If you were to walk into your shop, and feel sick, or see a fog or low hanging haze near your shop floor, what would you do, close the doors and stay inside or open all the doors and vent the fumes as safely as possible?? A pit isn't the issue, it how you handle the situation your given at any point in time is.
Yes circulation is important, air flows are really important, but its not just for the pit, its for the entire shop and work environment and for that you need someone who's up on those things to walk you through them on every aspect of the planned project. Now if you don't, don't get too shook up, you'll get to later on, you'll have condensation issues, frozen doors you can't open, same as windows you can't see out or open and it'll eventually get done, I'd suggest doing it up front, just keep in mind while doing it, as you add machines, shelves, tools, equipment in the shop being worked on and everything else, air flows change.
You only need a small amount of air movement to circulate gas's and fumes, if they are indeed toxic, you need to vent them somehow, not really sure yet how anyone gets those toxic of fumes into the shop and are ever willing to keep them in by not opening doors, windows or vents and turn on massive fans to blow it all out, but I'm told its been done before and usually where all the statistics come from on legal or deadly accidents.
When we bring machines in, we have a large fan sitting in the loft, keep the door open and turn it on, vent all the smoke and when its clear and fine, we shut the doors back up, can't say the pit was ever an issue or concern and the cost of heating never entered into the equation once at those times.

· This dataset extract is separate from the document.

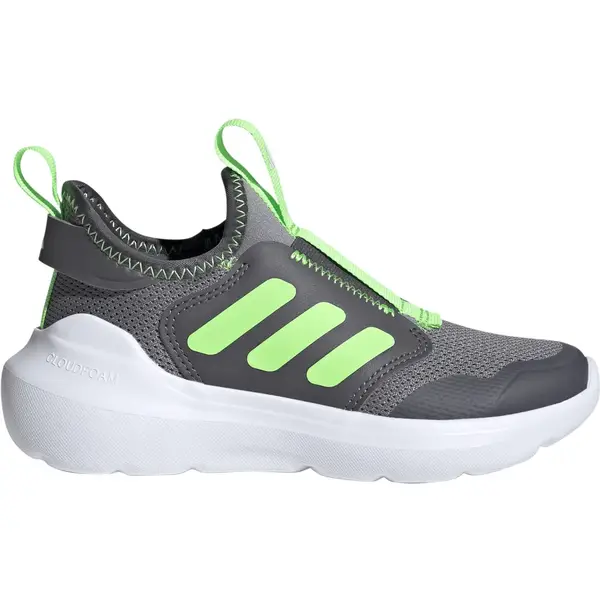 ADIDAS-Kinder-Freizeitschuhe-Tensaur-Comfort-GRETHRLIMBURGREFIV ADIDAS - Kinder Freizeitschuhe Tensaur Comfort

As for gas vapors or any other vapors, whether its in the pit, shop floor or anywhere else, the doors come open, every fan in the shop comes on and the whole shop is ventilated massively, heating is the last of my concern, the pit is far below that on the list.

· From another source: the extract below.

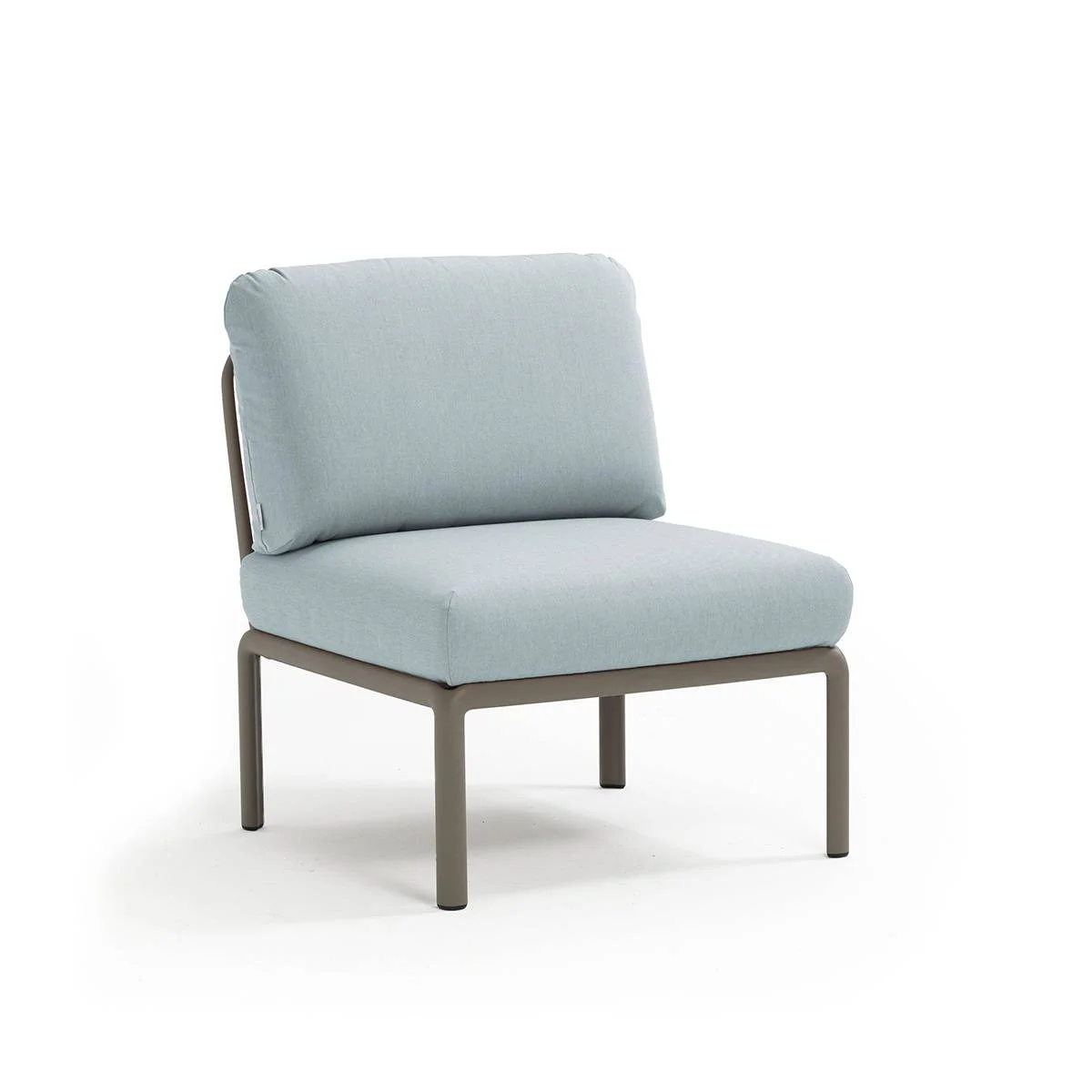 TORTORA GHIACCIO SUNBRELLA®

We do a lot of welding and fabricating in the shop, I need a heat exchanger but have not put one in yet, I have natural draft ventilation in the pit, never been concerned yet with working in it, when someone is next to the pit welding, does that mean mine is perfect, absolutely not, but if I can see, smell or taste something out of the ordinary, fans come on and it doesn't matter where I'm standing in the shop, in the pit or right next to the welder being run.
The last issue to keep in mind is this, your not laying in the pit floor, your usually standing upright, or at shop floor height or above, its not really any different than laying on the main shop floor where your head and nose are at, your not sucking up and breathing vapors laying on the pit floor unless your laying there unconscious for a long period of time. Most don't weld on or near the pit floor, when I'm welding in the pit, its usually on a machine above the pit or above the shop floor in essence, all you need is a small amount of air movement to circulate any air in the pit, is adequate to never have issues, the only better way is use common sense, just like anywhere else in the shop or with any situation. Not really a rant or downgrading anyone's concerns, heath is everyone's concern, just keep everything in perspective and don't let some peoples hysteria deter you from putting in a pit, common sense is still your best friend no matter the issue.